MS0003: Introduction to Data Science and Artificial Intelligence
| Academic Units | 3 |
| Semester | 2 |
| Pre-requisite(s) | SC1003; BG2211; CH2107; CV1014; MS1008; MA1008; EE1005; RE1016 |
| Co-requisite(s) | Nil |
Course Instructors
Associate Professor Kedar Hippalgaonkar | Assistant Professor Ng Wei Tat, Leonard |
Course AIMS
In today's era of Information, ‘Data’ is the new driving force, provided we know how to extract relevant ‘Intelligence’. This course will start with the core principles of Data Science, and will equip you with the basic tool and techniques of data handling , exploratory data analysis, data visualization, data-based inference, and data-focused communication. The course will also introduce you to the fundamentals of Artificial Intelligence – state space representation, uninformed search, and reinforcement learning.
The course will motivate you to work closely with data and make data-driven decisions in your field of study. The course will also touch upon ethical issues in Data Science and Artificial Intelligence, and motivate you to explore the cutting-edge applications in Materials Science related to Big Data, Neural Networks and Deep Learning. Python will be the language of choice to introduce hands-on computational techniques.
Intended Learning Outcomes
By the end of this course, you (as a student) would be able to:
- Identify and define data-oriented problems and data-driven decisions in real life.
- Discuss and illustrate the problems in terms of data exploration and visualization.
- Apply basic machine learning tools to extract inferential information from the data.
- Compose an engaging “data-story” to communicate the problem and the inference.
- Outline the roles and requirements of artificial intelligence in practical applications.
- Discuss and explain fundamentals of state space search and reinforcement learning.
Course Content
- Introduction - Data-Analytic Thinking. What is Data Science? – The core problems and solutions. Extracting Intelligence from Data – formulating problems.

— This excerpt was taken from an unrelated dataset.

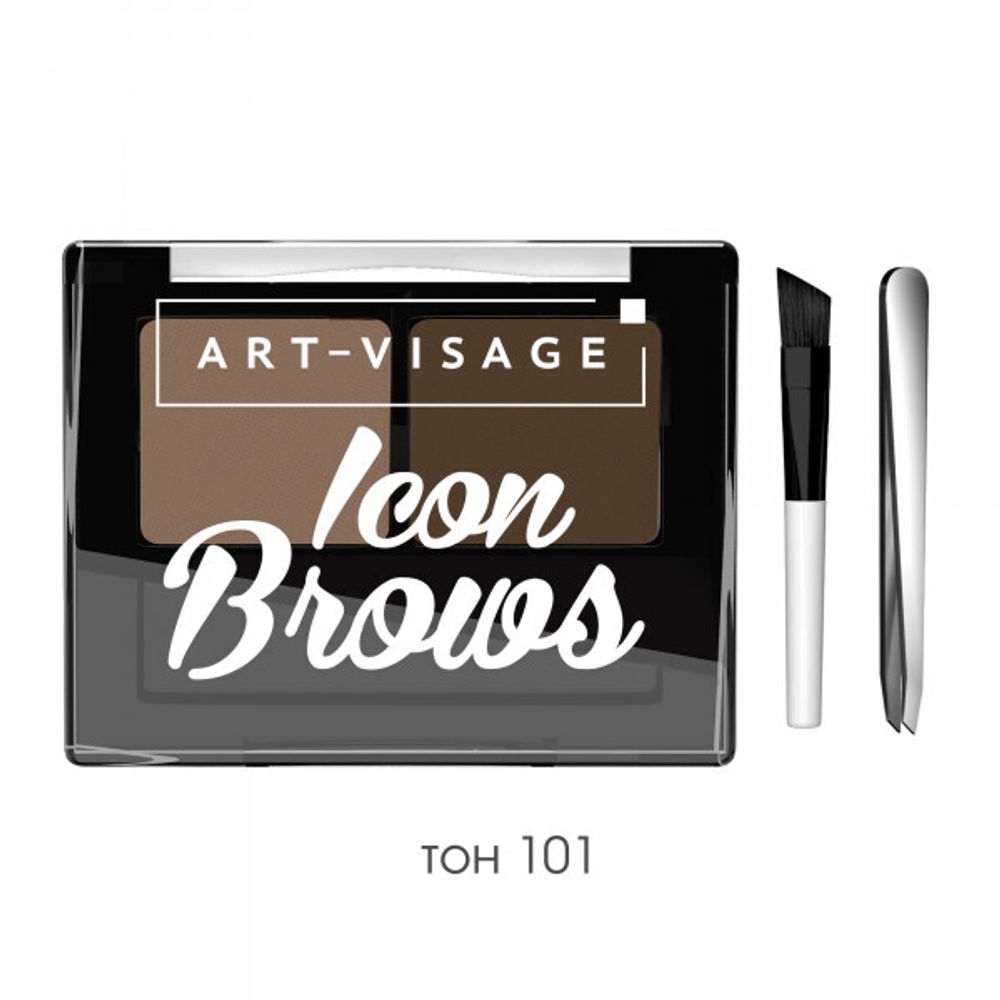 Art-Visage Тени для бровей Icon Brows, двойные, монохромные, тон №101, Шатен, 3,6 гр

- Basic Data Acquisition and Handling
- Basic Statistics and Exploratory Data Analysis
- Linear Regression
- Classification
- Clustering and Anomalies (CA 1)
- Visualization - Clustering and Anomalies
- Neural Networks - Visualization
- Large Language Models - Neural Networks & Large Language Models
- Time Series Modeling (CA2)
- Introduction to Real-Life Datasets (Project Lab I)

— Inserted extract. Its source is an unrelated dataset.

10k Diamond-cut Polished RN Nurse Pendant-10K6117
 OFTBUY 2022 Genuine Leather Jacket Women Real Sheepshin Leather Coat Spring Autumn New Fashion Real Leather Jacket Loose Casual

- Strategies for improved performance on project datasets I (Project Lab II)
- Strategies for improved performance on project datasets II (Project Lab III)
Reading and References
There is no single textbook for the course. The following books and resources will be used as references and if necessary, notes will be provided.
- Python Data Science Handbook : Jake VanderPlas : O’Reilly (2016)
- An Introduction to Statistical Learning : James, Witten, Hastie, Tibshirani (2021)
Additional resources, if required, will be shared with you in the Lectures and Example Classes.